PhD defence Rianne van Rooijen
Social information processing in infancy and adolescence: Examining the role of different interaction partners
Friday 28 June 2019 Rianne van Rooijen (UU, WP1) defends her PhD dissertation on ‘Social information processing in infancy and adolescence: Examining the role of different interaction partners’.
Children learn vital communication skills from interacting with other people. Rianne investigated the possible role of different interaction partners in two developmental samples – toddlers and adolescents.
In toddlers, she focused on the role of parents in learning novel words. In the typical population maternal speech boosted novel word learning. Since toddlers at increased risk for autism tend to have smaller vocabularies, she examined whether they can learn novel words from their parents. Although these high-risk infants lagged behind in their current vocabulary size, there was no group difference in their ability to learn novel words from their parents. This suggests that smaller vocabularies observed in children with autism are unlikely to originate in poor word-object mapping, but rather result from deficiencies in for example consolidation of novel words or on higher level social demands of interactive communication.

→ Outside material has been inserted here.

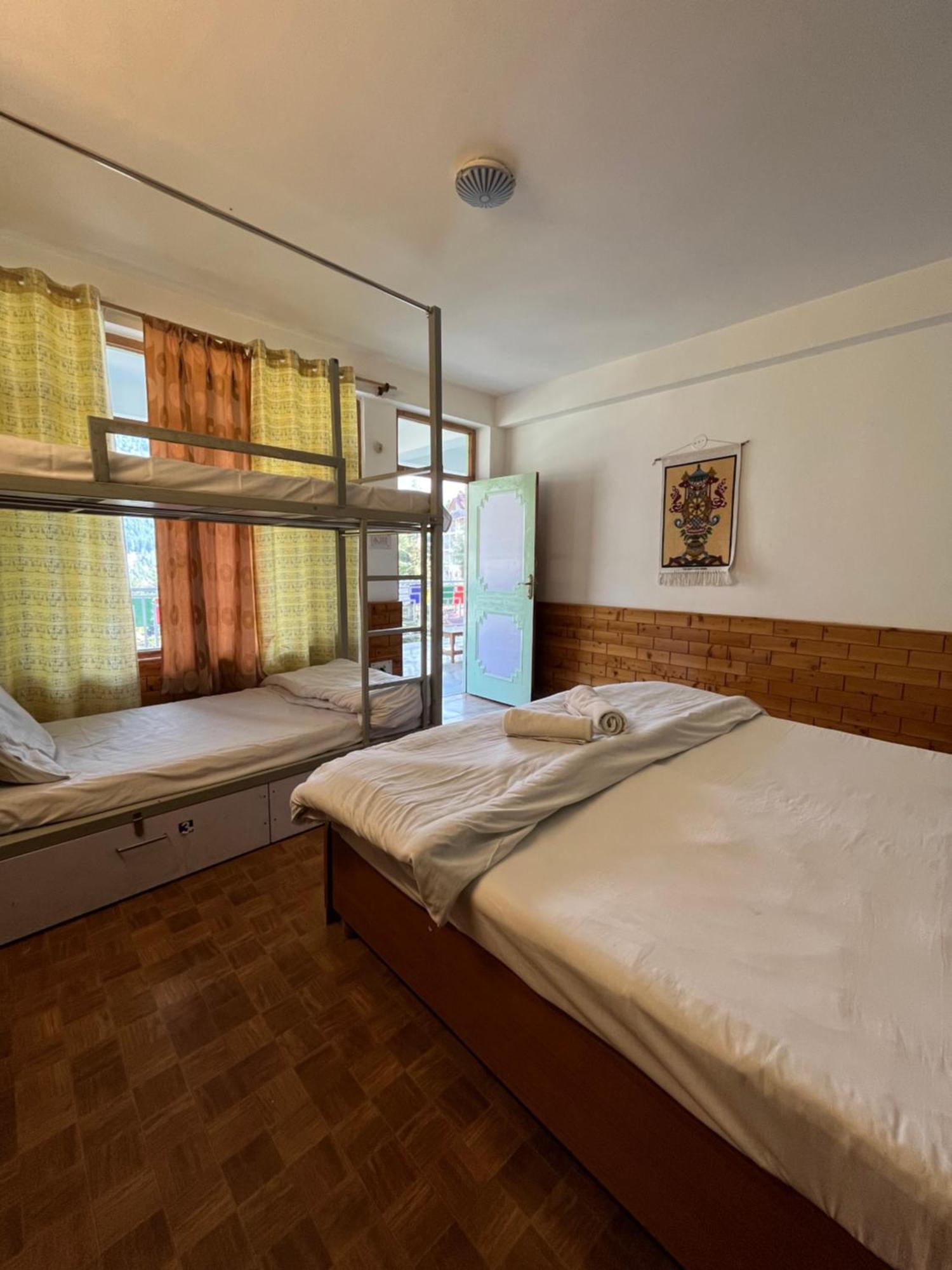 Dormigo Hostel Manāli Kültér fotó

In adolescents, because of a re-orientation from parents to peers, there is a temporary dip in recognizing adult faces compared to child faces. When Rianne examined other higher social processes (i.e., gaze following, emotion recognition and empathy), she did not find evidence for a dip in performance around the onset of puberty. Upon examining gaze following patterns for both adult and child stimuli, she observed that the response to gaze cues was not modulated by the age of the interaction partner.
Based on her PhD research, Rianne concludes that the type of interaction partner can shape early social development. Clearly familiarity with the interaction partner plays an important role in infants’ language processing. Age of the interaction partner (adult versus peers) does not modulate higher social processing in adolescence. It remains an open question how familiarity affects social processing in adolescence, which is a relevant topic for future research.
Update 9 July 2019: Rianne’s PhD research was described in the Volkskrant.